Ingredients:
- 150g fresh baby spinach
- 75g Greek feta cheese, crumbled
- 50g low-moisture mozzarella cheese, shredded
- 30g red onion, finely diced
- 1 clove garlic, minced
- 0.5 tsp dried oregano
- 0.25 tsp red pepper flakes
- 2 large (10-inch) flour tortillas
- 1 tbsp extra virgin olive oil
Instructions:
- Wilt the spinach. Place 150g baby spinach in a dry pan over medium heat until the leaves collapse and turn dark green.
- Expel the moisture. Transfer the wilted spinach to a colander and press with a spoon Note: This prevents the tortilla from becoming a soggy mess.
- Sauté aromatics. Heat a tiny drop of oil in the pan and cook the 30g red onion and 1 clove minced garlic until translucent and fragrant.

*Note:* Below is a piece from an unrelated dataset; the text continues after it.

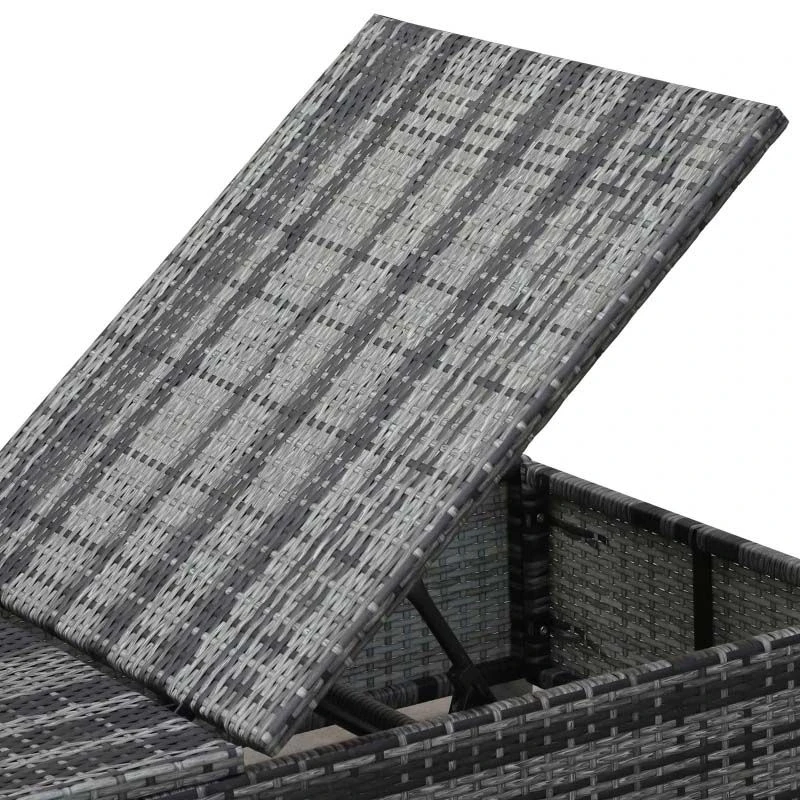Outsunny Rattan Reclining Sun Lounger - Grey - 862-025 8 Outsunny Rattan Reclining Sun Lounger - Grey - 862-025 - Image 8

- Create the mixture. In a medium bowl, combine the wilted spinach, onions, garlic, 75g crumbled feta, 0.5 tsp oregano, and 0.25 tsp red pepper flakes.
- Prepare the tortilla. Lay one large tortilla flat and spread 25g of the mozzarella over one half.
- Layer the filling. Spread the spinach feta mixture evenly over the mozzarella, then top with the remaining 25g of mozzarella Note: This cheese sandwich method locks the filling in place.
- Heat the skillet. Add 0.5 tbsp olive oil to the pan over medium high heat until the oil shimmers slightly.
- The first sear. Fold the tortilla over and place it in the pan. Cook for 3 minutes until the bottom is deep golden and rigid.
- The flip. Carefully turn the quesadilla over and add the remaining oil if the pan looks dry.
- Final melt. Cook the second side for 2-3 minutes until the cheese is bubbling at the edges.